Aucun sol de circulation n’a été identifié en raison de l’impact de l’érosion mais des éléments hors-contexte témoignent de l’apparat de la demeure avec d’innombrables tesselles blanches et noires de mosaïque et des fragments de sols en béton de chaux. Les enduits peints découverts dans les années 1960 témoignent également de la qualité de la décoration intérieure. Ils appartiennent à au moins une dizaine de panneaux peints dont plusieurs figuratifs (architectures en trompe-l’œil, Dionysos ou chasseur,…), formant un ensemble encore exceptionnel en Gaule, tant par son iconographie que par sa chronologie précoce.

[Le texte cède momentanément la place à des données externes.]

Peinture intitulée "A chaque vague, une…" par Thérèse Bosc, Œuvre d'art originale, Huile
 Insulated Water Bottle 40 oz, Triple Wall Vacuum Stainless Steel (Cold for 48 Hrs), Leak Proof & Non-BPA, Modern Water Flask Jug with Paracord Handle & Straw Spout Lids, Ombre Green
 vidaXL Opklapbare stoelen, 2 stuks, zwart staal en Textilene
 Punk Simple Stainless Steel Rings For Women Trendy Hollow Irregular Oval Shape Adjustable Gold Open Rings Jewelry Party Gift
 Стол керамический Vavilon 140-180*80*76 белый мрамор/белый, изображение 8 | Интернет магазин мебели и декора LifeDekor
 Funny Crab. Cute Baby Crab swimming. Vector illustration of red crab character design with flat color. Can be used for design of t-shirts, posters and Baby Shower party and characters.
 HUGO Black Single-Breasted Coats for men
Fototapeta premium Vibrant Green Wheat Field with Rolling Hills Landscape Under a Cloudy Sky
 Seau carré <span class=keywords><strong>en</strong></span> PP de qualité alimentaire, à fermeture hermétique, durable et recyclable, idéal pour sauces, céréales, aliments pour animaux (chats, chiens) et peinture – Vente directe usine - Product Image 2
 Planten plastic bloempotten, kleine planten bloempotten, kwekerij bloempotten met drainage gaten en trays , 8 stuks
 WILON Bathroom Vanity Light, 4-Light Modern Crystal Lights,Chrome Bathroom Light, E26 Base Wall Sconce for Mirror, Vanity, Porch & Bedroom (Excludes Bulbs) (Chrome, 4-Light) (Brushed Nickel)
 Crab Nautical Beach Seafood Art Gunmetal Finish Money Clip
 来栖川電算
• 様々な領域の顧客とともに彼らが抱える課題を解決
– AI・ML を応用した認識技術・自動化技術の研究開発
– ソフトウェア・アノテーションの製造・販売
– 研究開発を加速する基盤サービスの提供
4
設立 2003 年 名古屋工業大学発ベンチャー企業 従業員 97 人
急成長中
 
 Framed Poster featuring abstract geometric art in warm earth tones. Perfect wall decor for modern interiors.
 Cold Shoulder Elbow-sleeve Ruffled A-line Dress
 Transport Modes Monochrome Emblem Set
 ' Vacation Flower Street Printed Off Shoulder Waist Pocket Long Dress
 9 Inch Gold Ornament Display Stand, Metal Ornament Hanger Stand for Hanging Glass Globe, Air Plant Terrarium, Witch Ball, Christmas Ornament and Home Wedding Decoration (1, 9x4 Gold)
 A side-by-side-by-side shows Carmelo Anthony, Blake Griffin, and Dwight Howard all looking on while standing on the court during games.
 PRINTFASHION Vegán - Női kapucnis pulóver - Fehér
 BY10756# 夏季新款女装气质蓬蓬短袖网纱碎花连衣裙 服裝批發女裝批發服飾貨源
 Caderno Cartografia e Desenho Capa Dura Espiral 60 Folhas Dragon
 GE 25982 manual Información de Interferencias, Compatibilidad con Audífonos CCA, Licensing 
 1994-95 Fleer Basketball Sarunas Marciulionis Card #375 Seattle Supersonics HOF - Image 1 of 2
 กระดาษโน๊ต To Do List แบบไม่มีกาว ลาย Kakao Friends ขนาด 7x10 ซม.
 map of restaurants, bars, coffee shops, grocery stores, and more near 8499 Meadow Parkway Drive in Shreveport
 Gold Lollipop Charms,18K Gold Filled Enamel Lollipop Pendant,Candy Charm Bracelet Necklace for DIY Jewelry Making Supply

La présence de ces édifices sur le plateau soulève de nombreuses questions, du point de vue de leur filiation mais aussi de leur statut. Les indices rassemblés montrent que nous avons toujours affaire à une agglomération, qui accueille encore une partie des élites ausques. La domus à cour centrale est à ce jour inédite dans la région et au-delà. Elle appartenait sans nul doute à un important personnage local, à un moment où Auch (Eliumberrum) semble prendre le pas sur La Sioutat au plus tard à l’issue des réformes augustéennes. Le site semble abandonné dans les années 40 de notre ère, à un moment où Auch connait une période d’expansion et de restructuration.